・・・彼女の知り合いの裕福なお宅のお母さんは新婚当時からティーセットを集めるのが趣味で、最低6ピース、最高21ピースのものが、大きな食器棚6台と物置に詰め込んであったという。お母さんは体調を崩して老人施設に入り、その代わりに実家に戻った娘さん夫婦は、自分たちには使い途がない食器のあまりの量にびっくりして、処分するのに一週間かかり、夫婦ともぎっくり腰になりかけたという。
 
 
                        群ようこ 『これで暮らす』 より
 
 
 
 
群ようこは20代30代のころ、新刊を楽しみにしていた作家だ。今はこういう、暮らし方や自分に合ったアイテムを探しているような実用本的なものが多いかな。参考にはなるのだけれど。
 
 
 
 
 
富裕層といわれる人たちがいる。
以前はその人たちが住む豪邸という広く大きな家や、何台もの車や調度品、お客さんが大勢でも足りる何ピースもの高級食器、そういうものを羨ましく思う人が多かったと思う。
 
 
今もそういう暮らしをされている人たちもたくさんいると思うし、ここに書かれているように、実際はいらなくなっても、自分では処分しないまま施設に入られるお歳になっているということ、珍しくないでしょう。
 
 
 
ここ10年、15年くらい「片付け」「断捨離」「シンプル」「ミニマム」などがキーワードになる暮らしについてのブログや書籍、多く目につくようになったけれど、その発信者や実践者は富裕層ではなくどちらかというと「普通」の暮らしをしている人が多いと思う。
 
 
 
最近は富裕層や芸能人もかなり思い切った「物の手放し」をしているのも聞くことがあるけれど、数は多くはない。
 
 
 
時代は明らかに「スッキリ」「少ない」ことに価値が移り、捨てられないと悩みながらもそれを目指す人たちが圧倒的に多くなってきている。
 
 
憧れだった何ピースもの洋食器、それが収まる何台もの食器棚、その食器棚が窮屈に感じない広さの家。

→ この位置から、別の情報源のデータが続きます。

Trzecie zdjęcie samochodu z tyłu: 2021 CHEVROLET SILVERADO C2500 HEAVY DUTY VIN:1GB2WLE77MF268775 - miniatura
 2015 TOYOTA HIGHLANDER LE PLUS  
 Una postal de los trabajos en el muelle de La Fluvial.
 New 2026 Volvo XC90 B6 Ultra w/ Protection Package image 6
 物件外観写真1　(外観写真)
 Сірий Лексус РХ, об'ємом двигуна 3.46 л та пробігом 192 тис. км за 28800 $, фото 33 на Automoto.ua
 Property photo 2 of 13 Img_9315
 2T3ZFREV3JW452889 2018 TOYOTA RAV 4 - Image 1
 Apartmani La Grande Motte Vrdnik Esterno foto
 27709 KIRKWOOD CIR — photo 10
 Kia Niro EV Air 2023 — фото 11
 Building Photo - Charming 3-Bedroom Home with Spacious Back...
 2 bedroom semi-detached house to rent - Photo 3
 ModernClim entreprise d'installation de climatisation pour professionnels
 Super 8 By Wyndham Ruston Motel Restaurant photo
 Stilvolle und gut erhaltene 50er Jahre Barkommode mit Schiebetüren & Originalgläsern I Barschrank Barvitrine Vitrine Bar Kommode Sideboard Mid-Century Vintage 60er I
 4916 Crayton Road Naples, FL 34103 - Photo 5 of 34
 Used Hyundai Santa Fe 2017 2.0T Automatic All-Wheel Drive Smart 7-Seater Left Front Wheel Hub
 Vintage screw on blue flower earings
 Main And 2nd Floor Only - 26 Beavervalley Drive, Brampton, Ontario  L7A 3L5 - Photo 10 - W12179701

「お金をたくさん持っている」ということには羨ましさは相変わらずあったとしても(お金でさえ、必要以上には要らないと言う人もいるが)物を多く持つ、それが高価であっても、希少価値があったとしても、それへの憧れはガクンと減ったのではないかと思う。
 
 
 
私が知らないだけで、そんな富裕層の人たちもすでに、より質の高い「スッキリ」生活をされているのかもしれないけれど。
 
 
 
私はこの本のこの部分を読んで、自分もかつてそういう「価値ある物を多く持つ人」に憧れていた頃もあったと思いながらも、今はこの娘さん夫婦の立場に立って人ごとでなく気が重くなった。
 
 
自分の実家もモノであふれているが(ほとんどが不用で、ほとんどが高価でも希少価値もない)、母が住んでいる間は母が望むこと以外はしないと決めた。というか、諦めた。
 
 
でも本当は、本当は母にも、必要なものと、必要ではなくても大事なもの(スーツケースに収まるくらい)と、心潤す幾つかのものだけで、安全に、スッキリと、空気までキレイになるような気持ちよさを感じながら、暮らしてほしい気持ちが今もある。
自分も数年かかったがそれをしたおかげで、確実にしあわせを感じているからだ。
 
そんな気持ちもエゴなのかもしれないし、生活を変える体力気力が母にはもう残っていない。
せめておいしく食事をしていることと、毎日の無事を祈るしかない。